ASSIGNMENT:
Could you transcribe exactly the lines from the one containing "WorkBuddy 使用技巧 Day02：指令四要素：目标 + 输入 + 输出 + 约束" through the last line of the records below, leaving out the pictures?

PROVIDED DATA:

◇ ◇ ◇ ◇ ◇

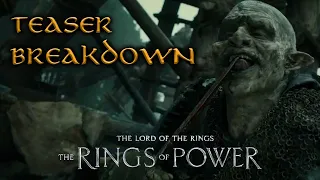 The Rings of Power Season 2 Teaser Breakdown | A Shot by Shot Review of the Teaser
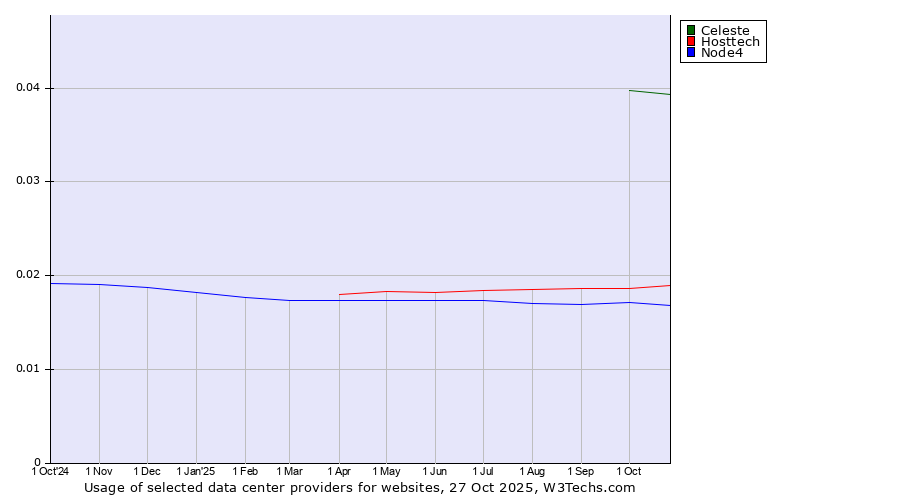 Historical trends in the usage of Celeste vs. Hosttech vs. Node4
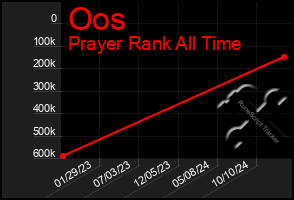 Total Graph of Oos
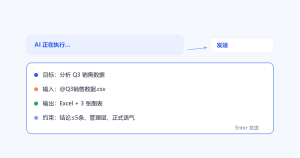 WorkBuddy 使用技巧 Day02：指令四要素：目标 + 输入 + 输出 + 约束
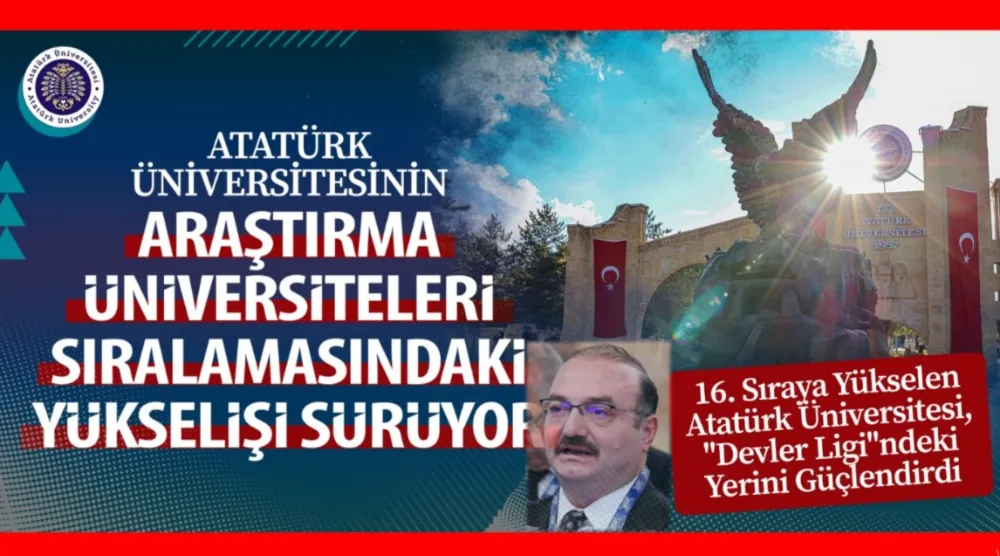 Atatürk Üniversitesi Araştırma Üniversiteleri Sıralamasında Yükselişini Sürdürüyor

◇ ◇ ◇ ◇ ◇

EXPECTED ANSWER:
 WorkBuddy 使用技巧 Day02：指令四要素：目标 + 输入 + 输出 + 约束
 Atatürk Üniversitesi Araştırma Üniversiteleri Sıralamasında Yükselişini Sürdürüyor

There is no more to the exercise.